**HOW TO COMPLETE THIS TASK**
What you copy should be the lines from the one with "Villa Solaris: Möbel, Gartenmöbel, Stuhl, Tabelle, Tisch" through the end of the entries, word for word. Omit the pictures.

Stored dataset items
# # # # #
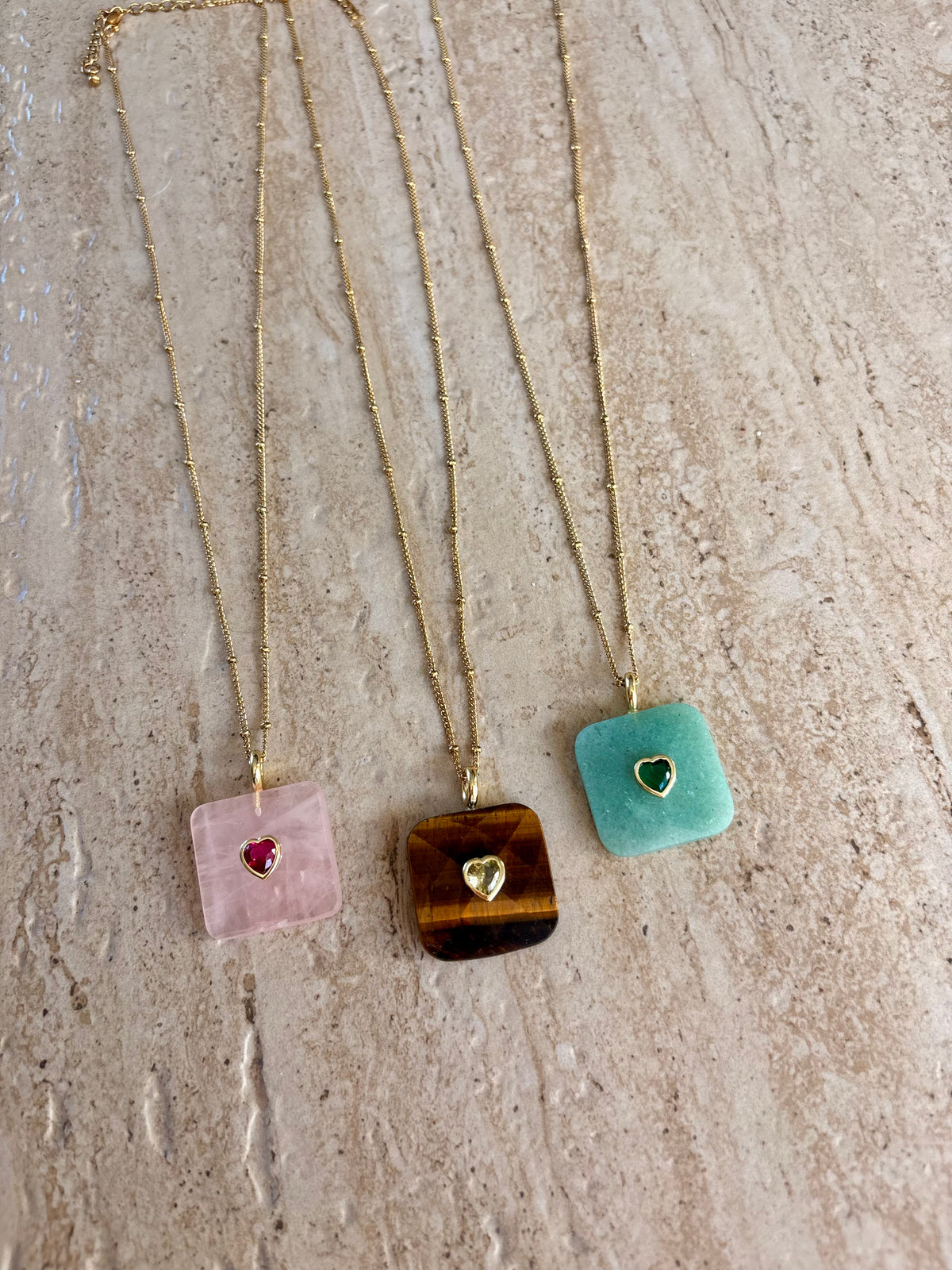 Collier SANDRA pendentif en pierres naturelles et chaîne boule en acier inoxydable
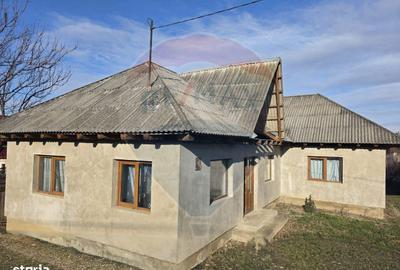 Casă cu 3 camere cu Teren 966 Mp în Gârleni - 19
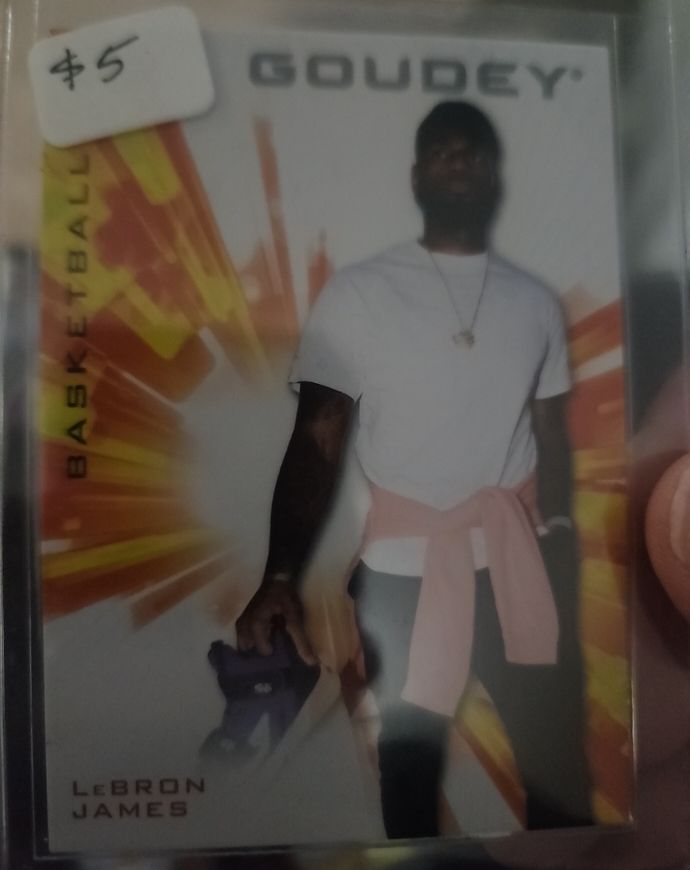 2021 Upper Deck Goodwin Champions Goudey #G50 LeBron James — front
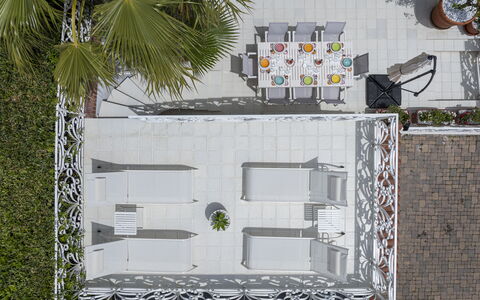Villa Solaris: Möbel, Gartenmöbel, Stuhl, Tabelle, Tisch Im Freien, Blumentopf, Schatten, Balkon, Hof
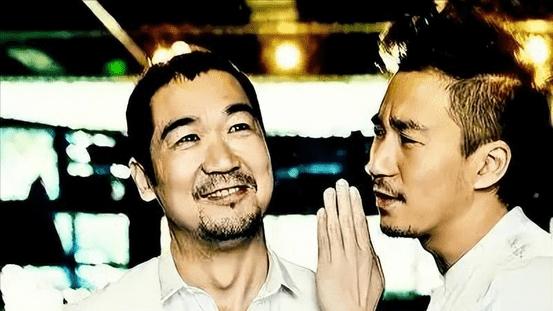 张国立的“坑爹”儿子，42岁独居泰国生活奢靡，外网常发黑白照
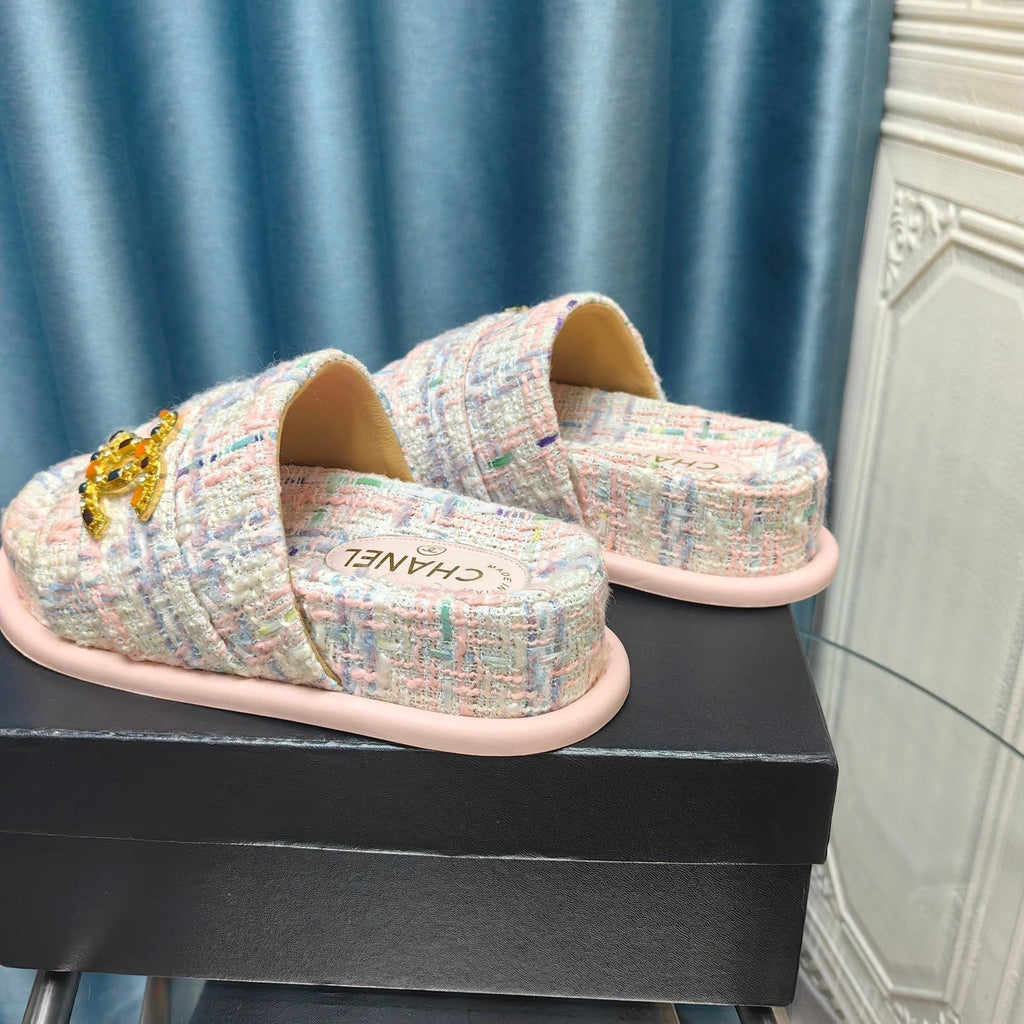 CHANEL PLATFORM HEELS SANDALS IN LIGHT PINK TWEED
# # # # #
**RESULT OF THIS EXERCISE**
Villa Solaris: Möbel, Gartenmöbel, Stuhl, Tabelle, Tisch Im Freien, Blumentopf, Schatten, Balkon, Hof
 张国立的“坑爹”儿子，42岁独居泰国生活奢靡，外网常发黑白照
 CHANEL PLATFORM HEELS SANDALS IN LIGHT PINK TWEED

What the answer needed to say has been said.